╭─ DATASET RECORDS
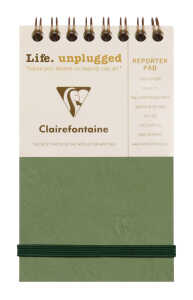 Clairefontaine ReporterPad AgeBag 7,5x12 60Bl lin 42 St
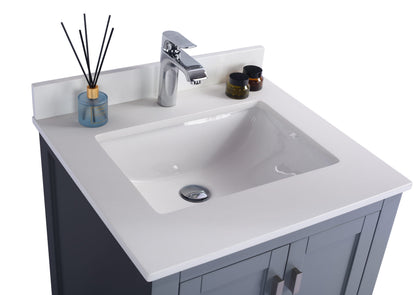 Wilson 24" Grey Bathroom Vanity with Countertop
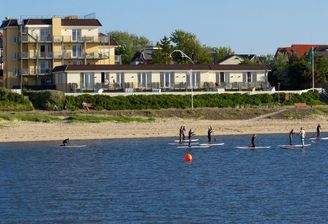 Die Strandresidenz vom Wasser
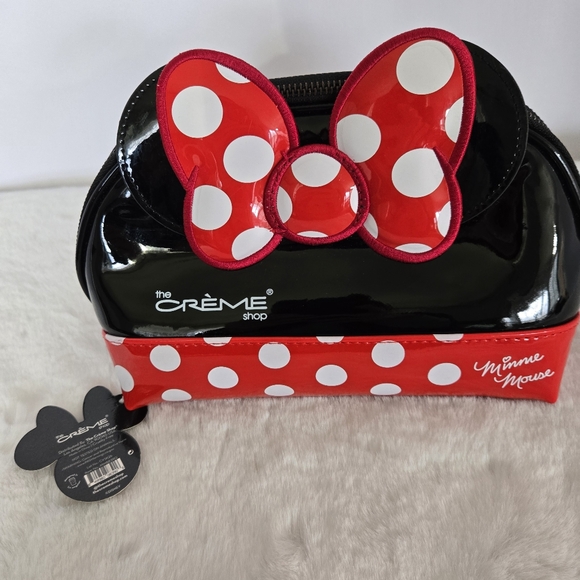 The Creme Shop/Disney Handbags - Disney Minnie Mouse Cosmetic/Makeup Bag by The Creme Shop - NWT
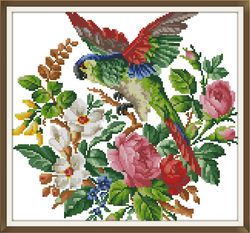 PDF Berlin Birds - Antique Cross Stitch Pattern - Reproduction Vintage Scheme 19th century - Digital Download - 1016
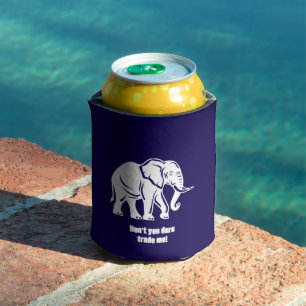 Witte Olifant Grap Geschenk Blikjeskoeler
╰─
EXERCISE PROMPT
Write out every record exactly. Leave the pictures out.

WRITTEN RESPONSE
 Clairefontaine ReporterPad AgeBag 7,5x12 60Bl lin 42 St
 Wilson 24" Grey Bathroom Vanity with Countertop
 Die Strandresidenz vom Wasser
 The Creme Shop/Disney Handbags - Disney Minnie Mouse Cosmetic/Makeup Bag by The Creme Shop - NWT
 PDF Berlin Birds - Antique Cross Stitch Pattern - Reproduction Vintage Scheme 19th century - Digital Download - 1016
 Witte Olifant Grap Geschenk Blikjeskoeler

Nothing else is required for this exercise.